• _WHAT YOU NEED TO DO_
Among the entries below, only the lines starting at the one with "aaron rodgers pittsburgh" and ending at the one with "2Pcs Pinking Shears", both included, are to be printed exactly.

DATA SECTION below:

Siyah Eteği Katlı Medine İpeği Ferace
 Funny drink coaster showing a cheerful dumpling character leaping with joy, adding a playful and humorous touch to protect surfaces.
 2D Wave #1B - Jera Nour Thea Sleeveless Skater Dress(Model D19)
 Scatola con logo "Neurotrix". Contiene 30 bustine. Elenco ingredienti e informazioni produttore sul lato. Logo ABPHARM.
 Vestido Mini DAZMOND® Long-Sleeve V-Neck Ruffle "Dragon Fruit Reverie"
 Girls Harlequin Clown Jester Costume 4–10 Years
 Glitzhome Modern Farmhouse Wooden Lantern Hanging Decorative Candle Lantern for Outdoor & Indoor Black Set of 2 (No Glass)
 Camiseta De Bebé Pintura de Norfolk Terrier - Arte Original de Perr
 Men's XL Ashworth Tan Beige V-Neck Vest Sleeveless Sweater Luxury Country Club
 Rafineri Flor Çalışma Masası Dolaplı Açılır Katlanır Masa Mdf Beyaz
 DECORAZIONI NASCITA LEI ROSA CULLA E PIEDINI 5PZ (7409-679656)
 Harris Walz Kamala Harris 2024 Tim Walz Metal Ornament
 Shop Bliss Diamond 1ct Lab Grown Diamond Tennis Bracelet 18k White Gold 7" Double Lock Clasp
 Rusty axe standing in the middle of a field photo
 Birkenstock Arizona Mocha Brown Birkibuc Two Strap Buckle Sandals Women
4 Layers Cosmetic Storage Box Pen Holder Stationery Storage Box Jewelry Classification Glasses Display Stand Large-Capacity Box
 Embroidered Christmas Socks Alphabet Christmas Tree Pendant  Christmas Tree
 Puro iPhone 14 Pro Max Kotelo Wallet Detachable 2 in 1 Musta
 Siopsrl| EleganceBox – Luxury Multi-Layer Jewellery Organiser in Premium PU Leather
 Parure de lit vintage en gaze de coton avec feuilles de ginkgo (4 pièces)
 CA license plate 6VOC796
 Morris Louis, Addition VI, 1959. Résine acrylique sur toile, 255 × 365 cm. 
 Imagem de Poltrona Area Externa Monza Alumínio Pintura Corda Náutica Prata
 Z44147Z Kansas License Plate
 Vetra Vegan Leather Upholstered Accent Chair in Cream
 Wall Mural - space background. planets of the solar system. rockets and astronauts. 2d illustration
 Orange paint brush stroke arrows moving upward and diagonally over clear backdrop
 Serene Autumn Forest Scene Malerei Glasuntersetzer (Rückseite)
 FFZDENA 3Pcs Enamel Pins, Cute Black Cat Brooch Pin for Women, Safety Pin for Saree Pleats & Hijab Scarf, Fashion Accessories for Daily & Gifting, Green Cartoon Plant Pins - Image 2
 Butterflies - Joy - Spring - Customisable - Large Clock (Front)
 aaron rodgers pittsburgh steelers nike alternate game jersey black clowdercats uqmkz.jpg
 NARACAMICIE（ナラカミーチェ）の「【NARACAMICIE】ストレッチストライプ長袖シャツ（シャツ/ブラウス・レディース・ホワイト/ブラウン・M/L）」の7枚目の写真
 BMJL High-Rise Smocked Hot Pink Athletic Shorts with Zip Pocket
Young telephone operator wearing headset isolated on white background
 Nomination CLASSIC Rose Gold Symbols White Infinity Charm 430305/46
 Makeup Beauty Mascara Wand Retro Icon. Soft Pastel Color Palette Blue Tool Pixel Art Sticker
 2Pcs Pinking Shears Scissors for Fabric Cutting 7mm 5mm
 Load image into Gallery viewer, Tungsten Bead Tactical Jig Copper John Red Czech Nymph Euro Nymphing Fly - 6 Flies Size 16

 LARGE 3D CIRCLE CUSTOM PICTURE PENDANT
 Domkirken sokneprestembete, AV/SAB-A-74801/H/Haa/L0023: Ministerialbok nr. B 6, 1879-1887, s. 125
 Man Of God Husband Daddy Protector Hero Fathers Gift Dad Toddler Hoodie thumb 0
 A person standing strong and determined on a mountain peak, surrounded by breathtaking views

End of DATA SECTION.

• _WRITTEN REPLY_
 aaron rodgers pittsburgh steelers nike alternate game jersey black clowdercats uqmkz.jpg
 NARACAMICIE（ナラカミーチェ）の「【NARACAMICIE】ストレッチストライプ長袖シャツ（シャツ/ブラウス・レディース・ホワイト/ブラウン・M/L）」の7枚目の写真
 BMJL High-Rise Smocked Hot Pink Athletic Shorts with Zip Pocket
Young telephone operator wearing headset isolated on white background
 Nomination CLASSIC Rose Gold Symbols White Infinity Charm 430305/46
 Makeup Beauty Mascara Wand Retro Icon. Soft Pastel Color Palette Blue Tool Pixel Art Sticker
 2Pcs Pinking Shears Scissors for Fabric Cutting 7mm 5mm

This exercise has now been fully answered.